Task goal:
From the records below, extract only the lines running from the line with "ергономична дръжка Професионална" to the line with "Bộ đồ ngủ ren sexy A80 liền thân", both lines included, reproducing them exactly.

Given entries:
__________

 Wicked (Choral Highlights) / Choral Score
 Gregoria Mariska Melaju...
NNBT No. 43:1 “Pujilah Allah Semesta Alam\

__________

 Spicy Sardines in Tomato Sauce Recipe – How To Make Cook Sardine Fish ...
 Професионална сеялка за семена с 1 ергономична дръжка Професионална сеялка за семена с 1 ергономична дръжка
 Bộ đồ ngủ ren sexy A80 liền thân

__________

Answer section:
 Професионална сеялка за семена с 1 ергономична дръжка Професионална сеялка за семена с 1 ергономична дръжка
 Bộ đồ ngủ ren sexy A80 liền thân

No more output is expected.